──────── DATA ────────

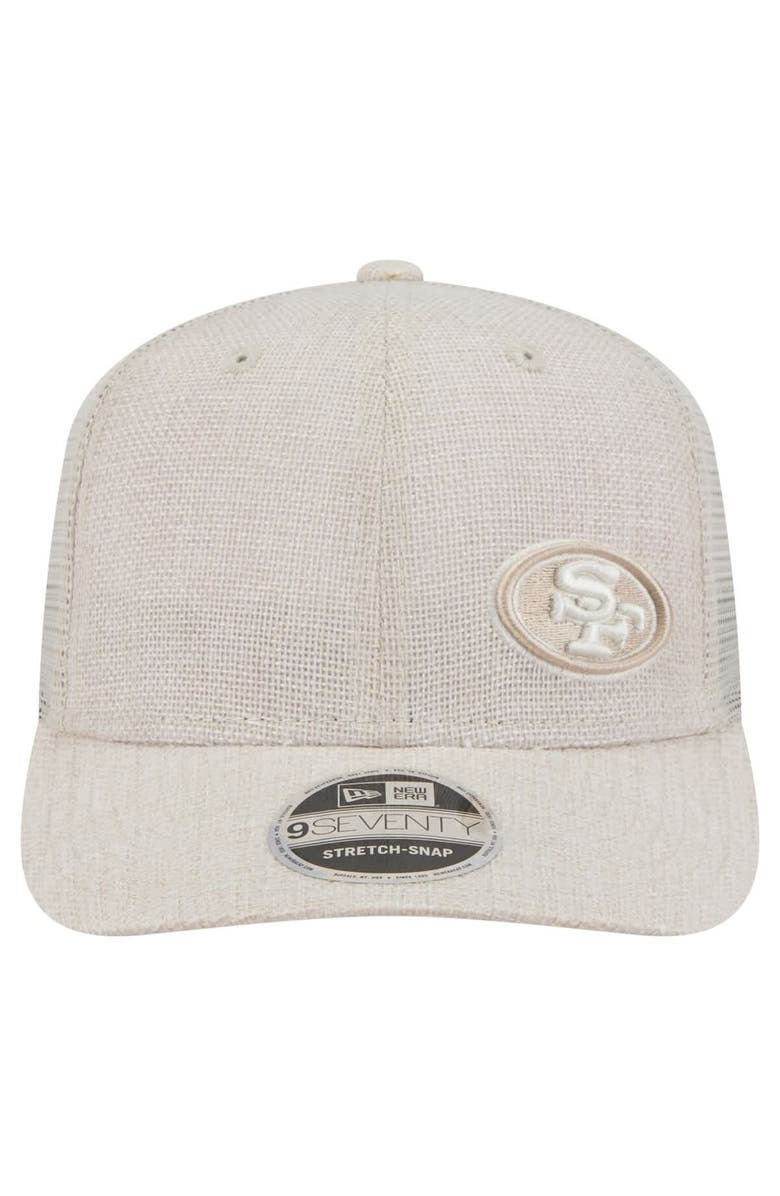 New Era Men's New Era Natural San Francisco 49ers Flawless 9SEVENTY Stretch-Snap Hat, Alternate, color, 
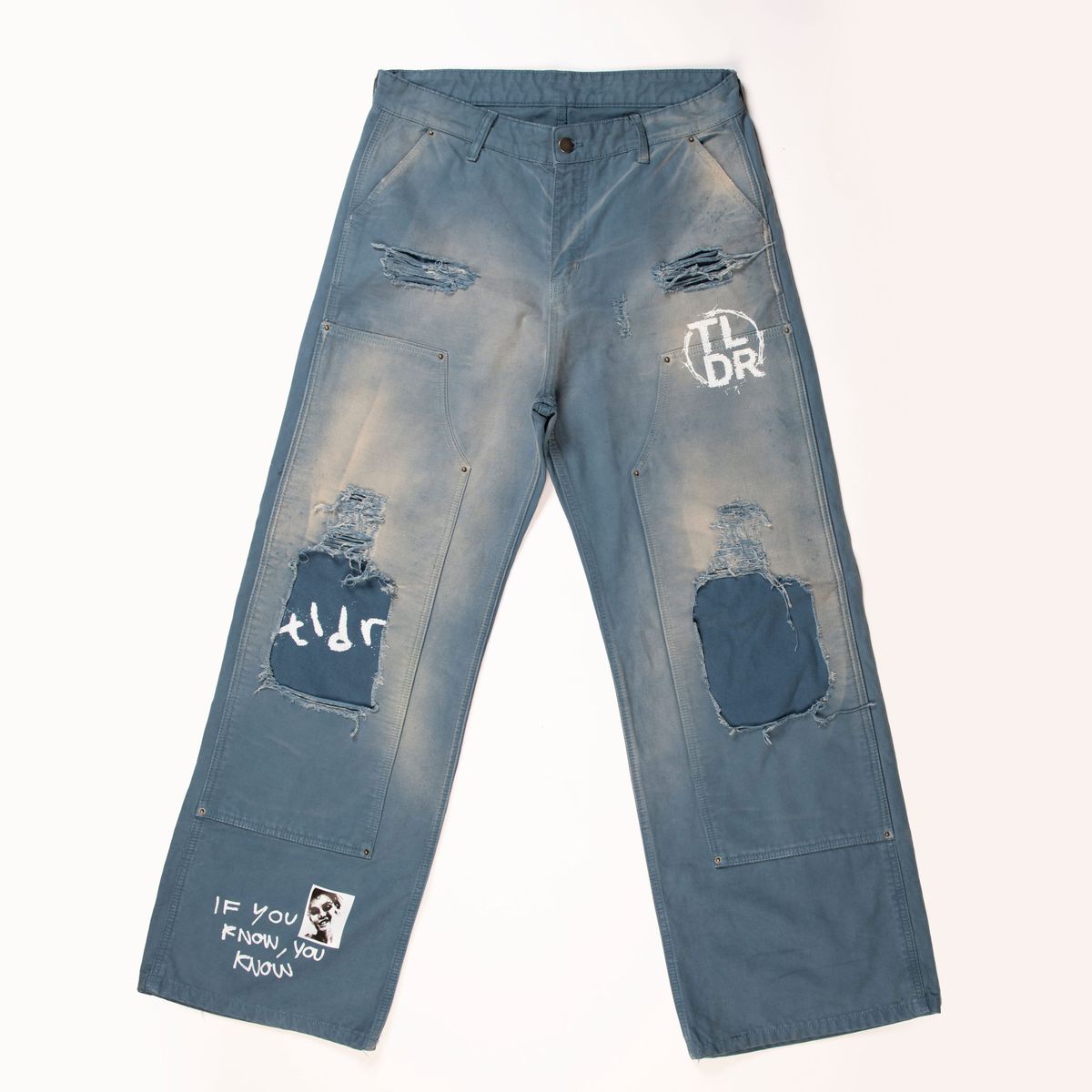 TLDR - Sun Washed Carpenter Denim - BLUE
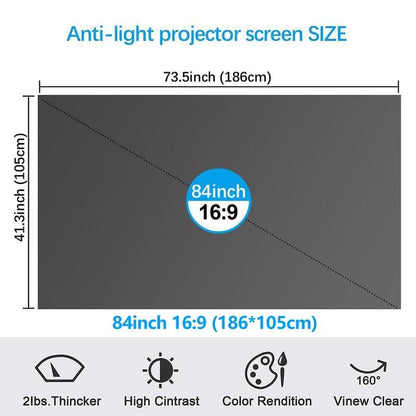 ⚡Hot Sales 49% OFF🔥Anti-Light 4K Projector Screen (16:9)🎥✨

────────

ASSIGNED TASK: Repeat the listing exactly; do not print any picture.

EXERCISE ANSWER:
 New Era Men's New Era Natural San Francisco 49ers Flawless 9SEVENTY Stretch-Snap Hat, Alternate, color, 
 TLDR - Sun Washed Carpenter Denim - BLUE
 ⚡Hot Sales 49% OFF🔥Anti-Light 4K Projector Screen (16:9)🎥✨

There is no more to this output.